I have a SPA client in Angular which logs into Azure AD successfully and generates a token which I then pass it to the .Net Core(3.0) API via Authorization: Bearer ${token} I then try to validate the token with [Authorize] to check and then allow access to the REST Api calls, we are still using "ver": "1.0" and there is no nonce in the JWT header.

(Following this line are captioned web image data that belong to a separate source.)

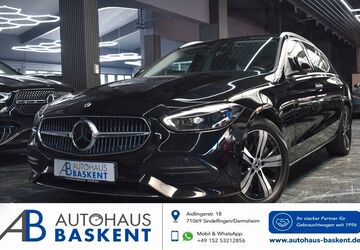 Mercedes-Benz C 220 124.600 km 25.990 &euro; Sindelfingen-Darmsheim 71069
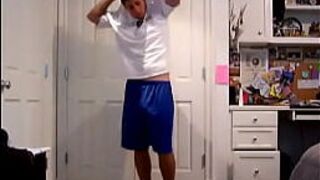 a hottie and his cock - porn video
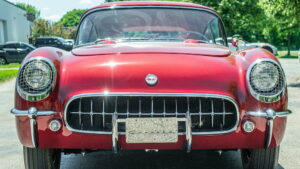 1954 Corvette Corvair Concept Car Replica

I have the below code in ConfigureServices method:

services.AddAuthentication(JwtBearerDefaults.AuthenticationScheme)
               .AddJwtBearer(options =>
               {
                   options.Authority = "https://login.microsoftonline.com/common";
                   options.RequireHttpsMetadata = false;
                   options.TokenValidationParameters = new TokenValidationParameters
                   {
                       ValidateIssuer = true,
                       ValidIssuer = options.Authority,
                       ValidateLifetime = true,
                       ValidateAudience = true,
                       ValidAudience = "{myClientID}",
                       IssuerValidator = (issuer, token, parameter) => "https://sts.windows.net/{MyIssuer}/"
                   };
               });

            services.AddAuthorization(options =>
            {
                options.DefaultPolicy =
                     new AuthorizationPolicyBuilder(JwtBearerDefaults.AuthenticationScheme)
                    .RequireAuthenticatedUser()
                    .Build();
            });

When I run the project with locahost, it works fine, but I deploy the code to a server, I got the below error message :

Exception occurred while processing message.

Exception: 
System.InvalidOperationException: IDX20803: Unable to obtain configuration from: 'https://login.microsoftonline.com/common/.well-known/openid-configuration'.
 ---> System.IO.IOException: IDX20804: Unable to retrieve document from: 'https://login.microsoftonline.com/common/.well-known/openid-configuration'.
 ---> System.Net.Http.HttpRequestException: No connection could be made because the target machine actively refused it.
 ---> System.Net.Sockets.SocketException (10061): No connection could be made because the target machine actively refused it.
   at System.Net.Http.ConnectHelper.ConnectAsync(String host, Int32 port, CancellationToken cancellationToken)
   --- End of inner exception stack trace ---

The above message indicates that something is not allowing me to connect to the site to validate, are my parameters correct? I used jwt.io to check the token and it says the Signature is valid and on the body I get to see the values I expect for "aud:","iss:" "amr":["pwd"] etc. I am new to Azure AD and token validation, so please bear with me. Is there anything I am missing? Thank you

Solution

  • That error is caused by the app being unable to connect to the Azure AD metadata endpoint. It needs to load configuration from there at the start, including public keys that the app can use to verify token signatures.

    Either something is blocking the connection (like a firewall), or Azure AD is down (extremely unlikely).